S’adaptant aux modes en cours, l’uniforme évolue. En 1958, le voile est retiré, en 1962, les poignets blancs sont enlevés et les chapeaux rapetissent et, en 1968, la voilette est supprimée à la chapelle. En 1971, les Associées peuvent choisir la couleur et le modèle qu’elles préfèrent et finalement, au tournant de l’année 1974, l’uniforme devient optionnel, et seulement quelques Associées choisissent de le garder.
Bascule vers le salariat
« Il a fallu — surtout les anciennes associées — faire le deuil de tout un passé. Mais nous y sommes arrivées, le Chaînon en est sorti renforcé […] Et ce qui me fascine toujours, c’est que d’une Yvonne des débuts héroïques à une Hélène aujourd’hui, notre esprit soit resté le même : intact. La façon d’être proche de l’autre, de considérer la femme qu’on accueille avec respect, de vouloir rester convaincu qu’elle est maître de sa vie. Et de penser, avant tout, à voir la personne au-delà des apparences extérieures, même les plus affligeantes. » — Jeannine Gagné, Associée, dans Sylvie Halpern, Le Chaînon : La maison de Montréal, Éditions Stanké, 1998
Associées et salariées
Cette cohabitation de salariés et d’Associées bouscule les réflexions. Certaines Associées craignent que les protégées ne sentent pas qu’elles sont véritablement aimées si le personnel est payé pour le faire ou s’il ne baigne pas à temps plein dans leurs vies. Les Associées découvriront avec soulagement que les salariés ont le même profond désir de servir et que la rupture a du bon : le personnel peut se retirer, se reposer, se régénérer et revenir frais et disposé au travail. D’ailleurs, la plupart des Associées commenceront elles aussi à recevoir un salaire et à vivre en appartement.

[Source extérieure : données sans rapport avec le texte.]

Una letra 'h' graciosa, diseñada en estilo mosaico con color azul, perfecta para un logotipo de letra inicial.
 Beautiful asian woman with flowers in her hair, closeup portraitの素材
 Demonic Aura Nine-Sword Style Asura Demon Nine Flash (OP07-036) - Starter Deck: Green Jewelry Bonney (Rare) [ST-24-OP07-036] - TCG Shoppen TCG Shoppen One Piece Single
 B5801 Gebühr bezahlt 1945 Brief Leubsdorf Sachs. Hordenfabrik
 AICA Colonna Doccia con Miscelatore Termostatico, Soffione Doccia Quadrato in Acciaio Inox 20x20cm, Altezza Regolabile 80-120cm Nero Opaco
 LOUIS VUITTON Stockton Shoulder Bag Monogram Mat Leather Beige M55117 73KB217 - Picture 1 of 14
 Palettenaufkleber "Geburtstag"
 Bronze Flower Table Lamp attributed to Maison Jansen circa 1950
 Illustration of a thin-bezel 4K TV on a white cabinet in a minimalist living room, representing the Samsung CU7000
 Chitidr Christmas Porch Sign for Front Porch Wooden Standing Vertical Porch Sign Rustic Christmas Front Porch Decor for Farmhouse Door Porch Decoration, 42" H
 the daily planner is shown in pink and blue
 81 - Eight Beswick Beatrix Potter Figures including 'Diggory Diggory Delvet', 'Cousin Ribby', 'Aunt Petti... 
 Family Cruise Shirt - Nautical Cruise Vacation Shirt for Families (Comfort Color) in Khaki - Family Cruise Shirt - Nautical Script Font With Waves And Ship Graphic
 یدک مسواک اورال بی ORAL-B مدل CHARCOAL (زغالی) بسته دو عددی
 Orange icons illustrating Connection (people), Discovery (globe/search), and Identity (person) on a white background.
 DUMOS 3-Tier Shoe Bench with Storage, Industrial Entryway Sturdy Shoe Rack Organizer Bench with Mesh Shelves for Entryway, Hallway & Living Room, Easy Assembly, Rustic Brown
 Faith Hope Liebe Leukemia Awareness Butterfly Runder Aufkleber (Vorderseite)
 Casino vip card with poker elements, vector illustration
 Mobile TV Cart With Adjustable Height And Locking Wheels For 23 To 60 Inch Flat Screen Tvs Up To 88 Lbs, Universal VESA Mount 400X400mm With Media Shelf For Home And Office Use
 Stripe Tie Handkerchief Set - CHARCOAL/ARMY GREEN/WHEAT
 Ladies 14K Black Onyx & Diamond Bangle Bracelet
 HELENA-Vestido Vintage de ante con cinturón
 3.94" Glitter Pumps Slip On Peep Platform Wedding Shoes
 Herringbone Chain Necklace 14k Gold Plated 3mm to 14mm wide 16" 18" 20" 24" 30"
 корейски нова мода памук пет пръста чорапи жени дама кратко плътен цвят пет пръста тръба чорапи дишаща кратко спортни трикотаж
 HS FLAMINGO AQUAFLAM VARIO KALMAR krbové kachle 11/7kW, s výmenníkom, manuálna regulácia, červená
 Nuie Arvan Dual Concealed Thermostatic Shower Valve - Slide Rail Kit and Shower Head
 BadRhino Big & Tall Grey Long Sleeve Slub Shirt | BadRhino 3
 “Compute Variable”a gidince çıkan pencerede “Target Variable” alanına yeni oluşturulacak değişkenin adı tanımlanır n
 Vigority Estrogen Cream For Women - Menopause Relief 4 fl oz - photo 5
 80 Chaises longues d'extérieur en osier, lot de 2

Le Chaînon a réussi à s’adapter aux temps modernes tout en préservant ce qui le caractérise : la dévotion envers son prochain, la délicatesse, l’accueil inconditionnel et le service gratuit. En 2022, six Associées membres du groupe fondateur sont toujours vivantes, elles sont encore actives au conseil d’administration ou consultées : Lucie, Monique, Colette, Ginette, Jeannine et Fernande. Chaque année, elles renouvellent leur engagement. Si chacune agit selon des raisons personnelles, toutes le font aussi par solidarité pour la famille qu’elles forment et en tant que gardiennes des valeurs de l’œuvre.